WizardMath: Math LLMs & CAS Interface

Updated 13 November 2025

WizardMath is a family of open-source large language models and an interactive symbolic system designed for advanced mathematical problem solving and stepwise reasoning.
It utilizes a three-phase training process with supervised fine-tuning, reward model training, and PPO-driven active instruction evolution to optimize chain-of-thought reasoning.
The platform also features a user-centric interface layer on traditional CAS engines, enabling dynamic, granular symbolic manipulation for transformation-based math tasks.
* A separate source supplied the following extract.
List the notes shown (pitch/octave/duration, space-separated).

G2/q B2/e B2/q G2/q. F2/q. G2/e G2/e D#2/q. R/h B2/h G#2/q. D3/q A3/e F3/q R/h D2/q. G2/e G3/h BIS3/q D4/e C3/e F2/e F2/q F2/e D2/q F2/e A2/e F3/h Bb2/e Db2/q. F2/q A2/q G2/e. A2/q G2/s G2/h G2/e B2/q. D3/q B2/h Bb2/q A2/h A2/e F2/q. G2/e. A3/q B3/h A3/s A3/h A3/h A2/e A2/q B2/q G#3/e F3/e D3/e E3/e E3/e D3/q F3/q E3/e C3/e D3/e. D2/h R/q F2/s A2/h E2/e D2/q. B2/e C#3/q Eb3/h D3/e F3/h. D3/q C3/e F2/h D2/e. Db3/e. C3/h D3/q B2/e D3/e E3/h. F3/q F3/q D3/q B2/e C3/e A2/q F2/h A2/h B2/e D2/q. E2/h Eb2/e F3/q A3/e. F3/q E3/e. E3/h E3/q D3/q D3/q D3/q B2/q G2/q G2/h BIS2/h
WizardMath is a family of open-source LLMs and interactive symbolic systems targeting advanced mathematical problem solving and reasoning. The term encompasses both (a) transformer-based LLMs fine-tuned for mathematical chain-of-thought (CoT) reasoning via reinforcement learning from evolved instructions, and (b) an interactive computer algebra “wizard” interface for guided symbolic manipulation. The distinguishing feature of WizardMath LLMs is the Reinforced Evol-Instruct Feedback (RLEIF) procedure that couples synthetic instruction evolution with process-level reward modeling to systematically improve stepwise reasoning without external calculators, while the WizardMath interface layer on CAS engines provides a user-centric environment for granular, transformation-based manipulation.
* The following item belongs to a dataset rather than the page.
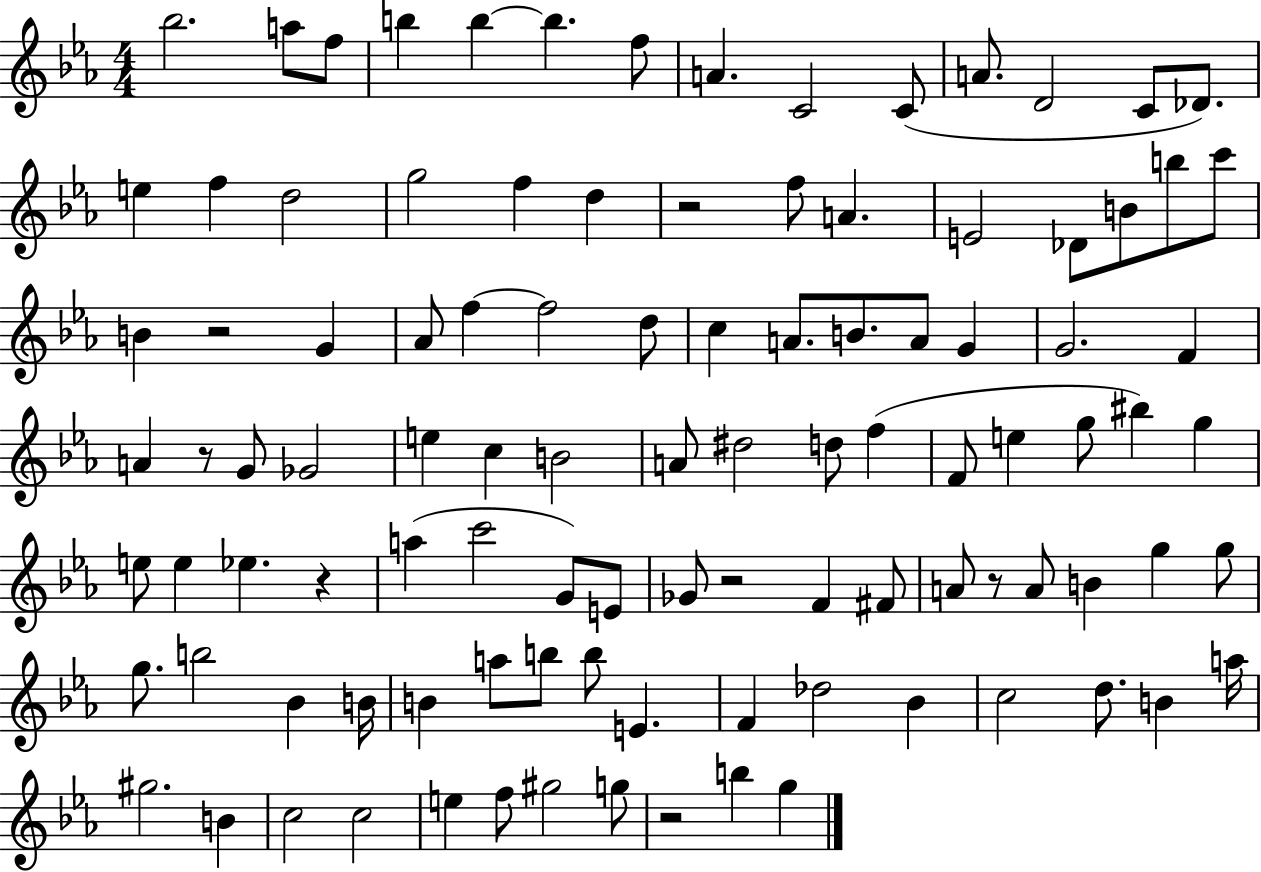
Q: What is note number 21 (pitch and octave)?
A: F5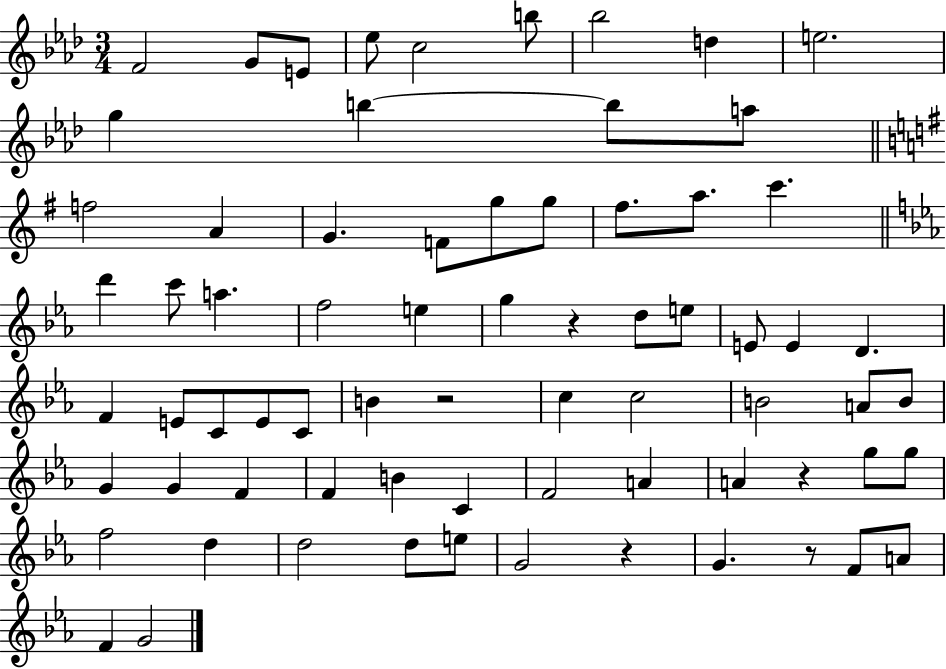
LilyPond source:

1. Model Architecture and Core Methodology

WizardMath LLMs are built atop the LLaMA-2 transformer backbone, provided in 7B, 13B, and 70B parameter versions. No architectural changes are made to the core self-attention or feedforward blocks; instead, a lightweight policy/value head is added for reinforcement updates. The WizardMath-7B, for example, uses 32 transformer layers, hidden dimension $d=4096$ , and 32 attention heads.

The signature RLEIF pipeline comprises three phases:

@@@@2@@@@ (SFT):
- Re-generation of stepwise math solutions for GSM8k and MATH datasets using WizardLM-70B, filtering to ensure correctness (~15k math chains).
- Inclusion of 1.5k open-domain, instruction-style samples for diversity.
Reward Model Training:
- Instruction Reward Model (IRM): Ranks quality of evolved math instructions ( $r^I = \mathrm{IRM}(i)$ ), using ChatGPT+Wizard-E annotation and pairwise ranking.
- Process Reward Model (PRM): Ranks stepwise correctness within chains-of-thought ( $r^A = \mathrm{PRM}(\mathrm{answer})$ ), trained on per-step correctness labels from ChatGPT.
Active Instruction Evolution and PPO:
- For 8 rounds, Wizard-E (an SFT’d LLaMA model) generates 2–4 upward (harder) or downward (easier) variants per instruction. IRM ranks these variants, with the best added to the dataset, expanding from $\sim$ 15k to $\sim$ 96k tasks.
- The fine-tuned LLM policy is updated with Proximal Policy Optimization (PPO) using the reward $r_j = r^I_j \times r^A_j$ on each instruction-answer batch.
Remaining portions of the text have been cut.